I don't think that NAMA has taken over any properties yet - as far as I know, it has only taken over the loans used to build the properties.


----------



## HighLow (30 Jun 2010)

So by paying NAMA the rent every month, are you saying the property is still owned by the landlord? this can only be a way to keep prices artificially high?

I know for a fact that the new back account details belong to NAMA...
I wonder if the house could be considered "FOR SALE"...


----------



## j26 (30 Jun 2010)

Sounds odd, beasuse already said NAMA hasn't taken over property yet, merely ownership of the mortgages.

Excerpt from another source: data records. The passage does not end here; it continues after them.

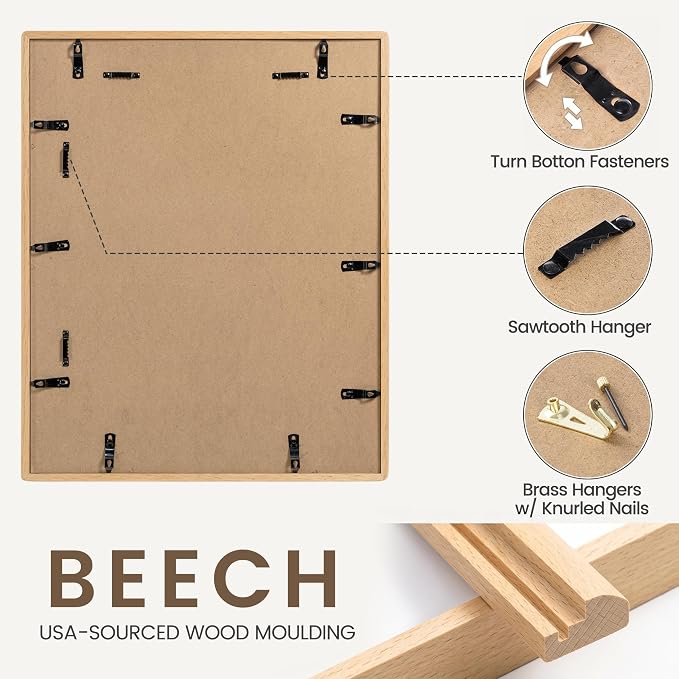 16 x 20 Picture Frame, USA-Sourced Beech Wood Photo Frames with HD Tempered Glass, Handcrafted Rounded Corner 16x20 Wooden Frames Matted to 11x14 Photos, Horizontal or Vertical Wall Display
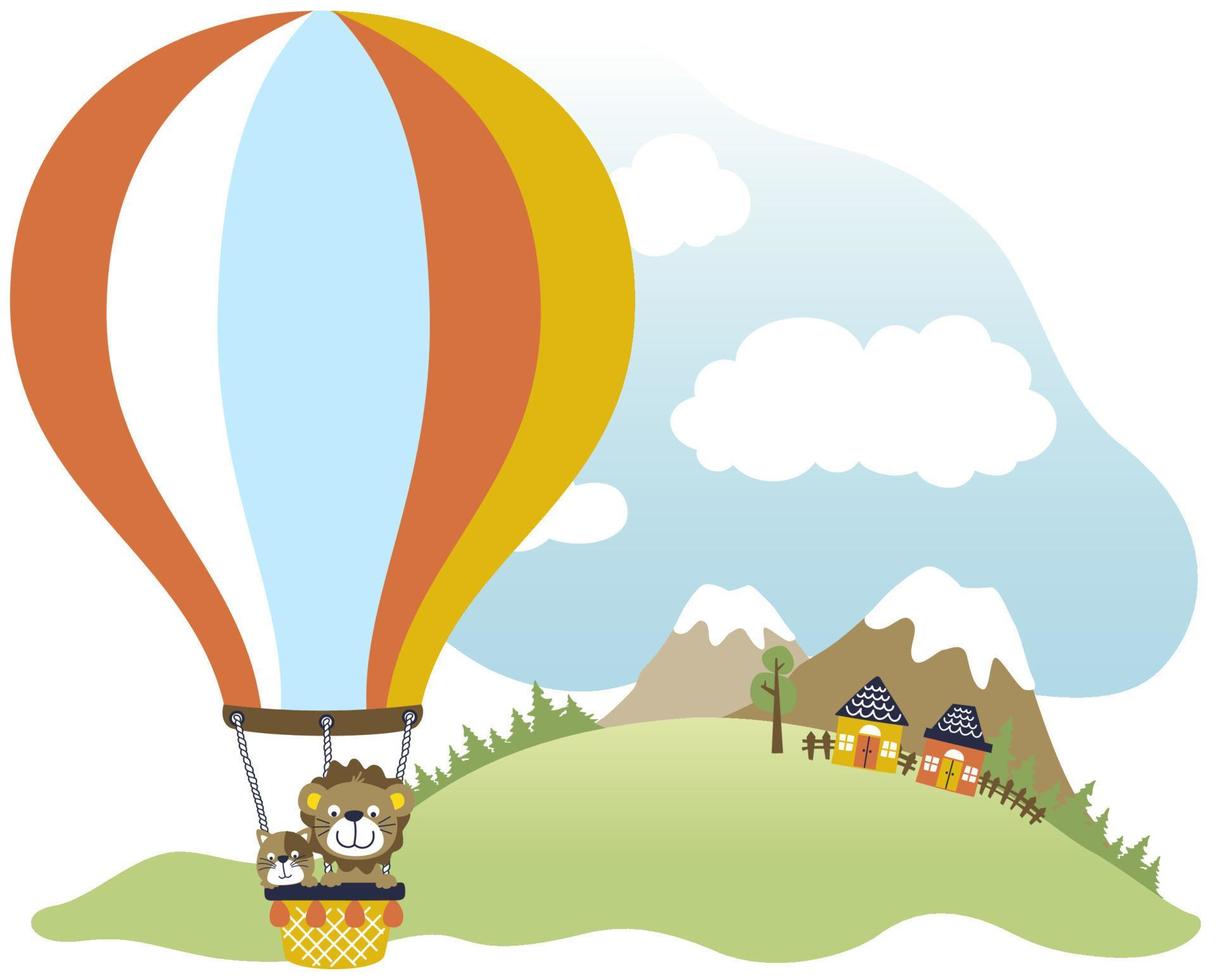 Funny lion with cat on hot air balloon on landscape background, vector cartoon illustration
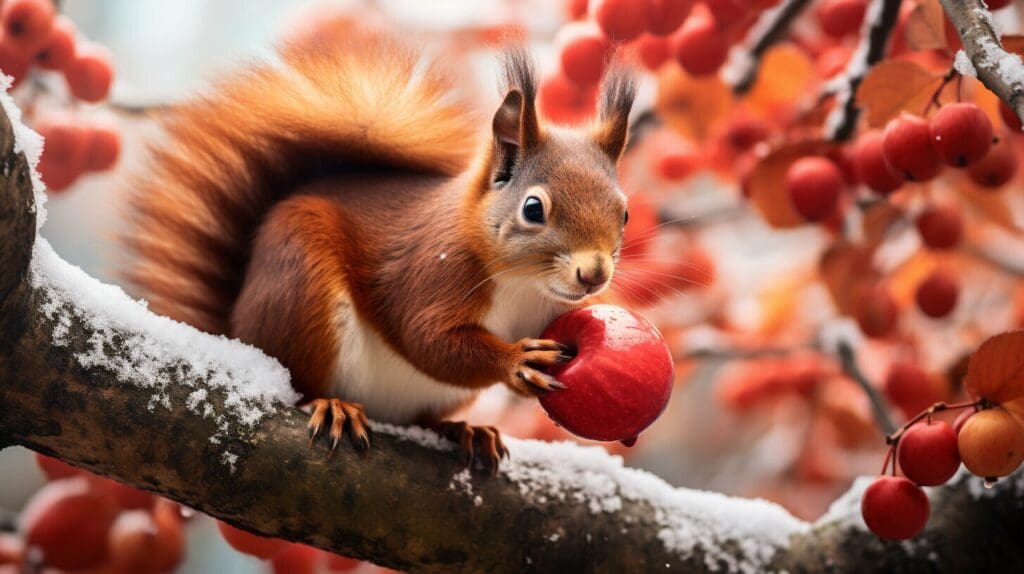 squirrel eating a bright red fruit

However, it is possible that the developer has reached an arrangement where all of the rent will be paid to NAMA to help service the mortgage.


----------



## VOR (23 Jul 2010)

I recently spoke to a coffee shop owner who said she now pays her monthly lease directly to Anglo. Anglo do not own the building, just the debt. The payments no longer goes to the landlord. I would be quite suprised if NAMA did not do the same thing and have rent assigned directly to them.
I would bet that payments going in to many bank accounts would be gobbled up and never materialise as income to NAMA if they did not do this.
I would consider this prudent as we (NAMA, that is) hardly want to buy the debt from the banks and then not get the income.


----------



## Slash (27 Jul 2010)

HighLow said:


> I have just been informed the apartment I am renting in has now been transferred to NAMA. The landlord has asked me to change my bank details etc....
> 
> I am looking at the moment to BUY a property, is there any sense in contacting NAMA and seeing if I can buy the above mentioned property at a knock down price?
> 
> ...



Don't change your bank details until you receive something in writing from NAMA. Your lease (i.e. contract) is still with the landlord.


----------



## Chris Gough (30 Jul 2010)

Seems all very in the dark, with people unclear what is happening. NAMA need to be informing tenants as well as everyone else what is happening.


----------